Building and running the simulator
The simulator can be built with 'makefile_sim' on Unix or the 'sim' project on Windows. The usage is:
sim [--duration X] [--delta X] [--server_uses_workload] [--dirs d1 ...]
--duration
simulate this much time.
--delta
time step of simulation.
--server_uses_workload
servers take existing workload into account when deciding whether to send jobs.
--dcf_dont_use
Duration correction factor (DCF) is one.
--dcf_stats
Use formula for DCF based on completion time mean/stdev.
--dirs d1 ...
chdir into each of the given directories, and runs a simulation based on the input files there.

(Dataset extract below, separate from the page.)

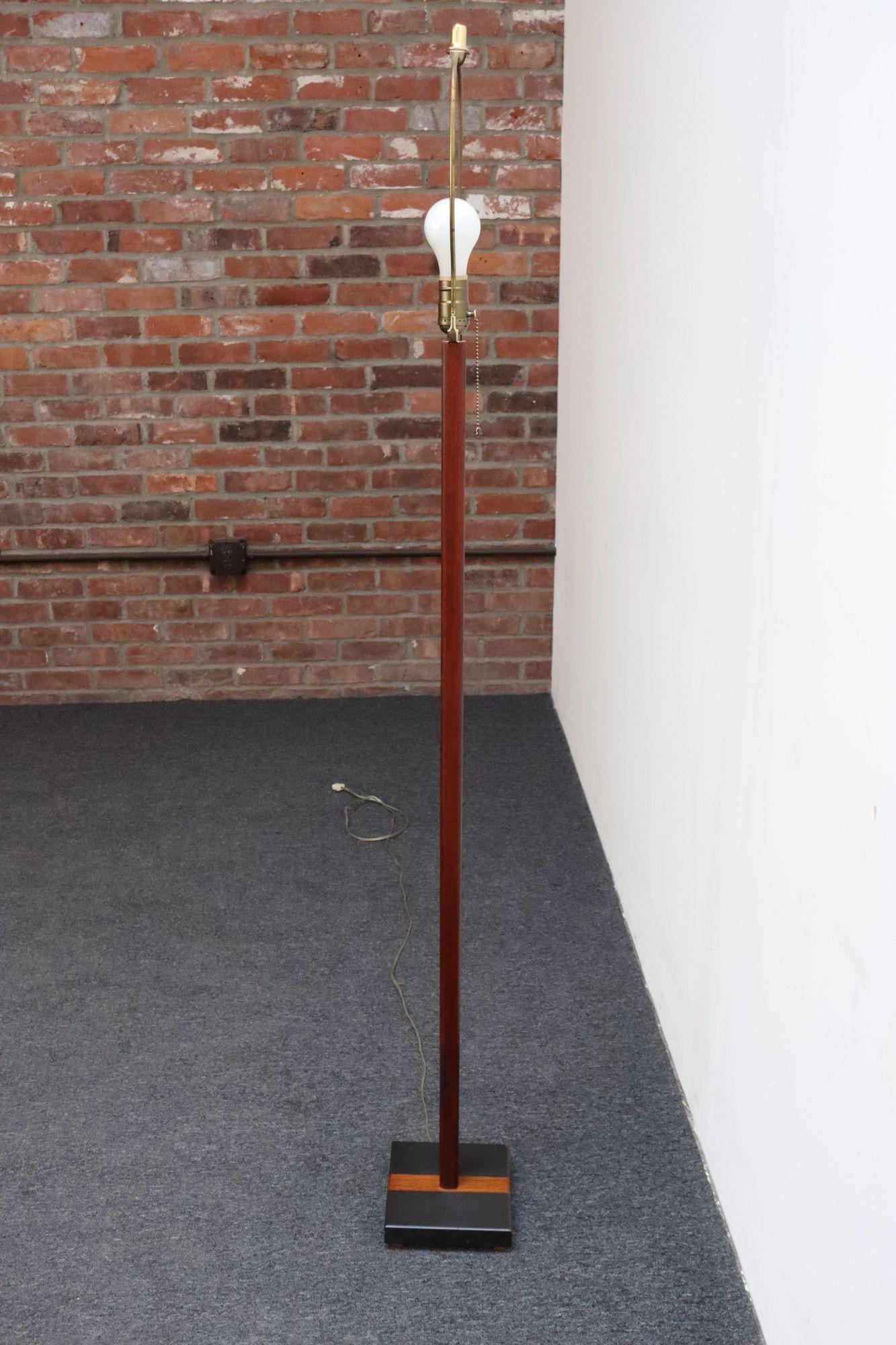 Lampada da terra Studio A vintage in ardesia e legno di teak di Harspwell House In condizioni buone in vendita a Brooklyn, NY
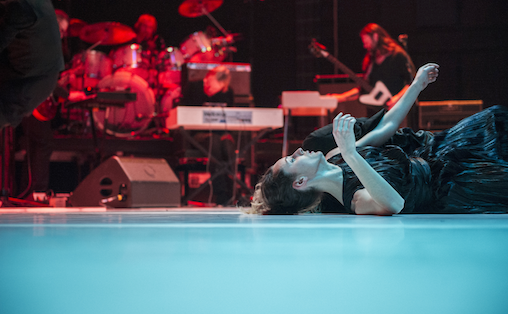 &laquo;av Carte Blanche&raquo;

Prints summaries of each one separately, and a total summary.
Output files
The simulator creates several output files:
index.html: an index of other files
log.txt: This is the message log (same as would be generated by the client). Its contents are controlled by cc_config.xml.
time_line.html: When viewed in a web browser, a 'time line' showing what's running when.
summary.xml: Contains four performance metrics:
wasted_frac
Of the total CPU time, the fraction spent computing results that missed their deadline.
idle_frac
Of the total CPU time, the fraction spent not computing.
share_violation
A measure (0 to 1) of how badly resource shares were violated.
monotony
A measure (0 to 1) of how long a single project used all CPUs (so that user would see only that project on their screensaver, and get bored).
In addition, information is printed about the per-project CPU time and waste.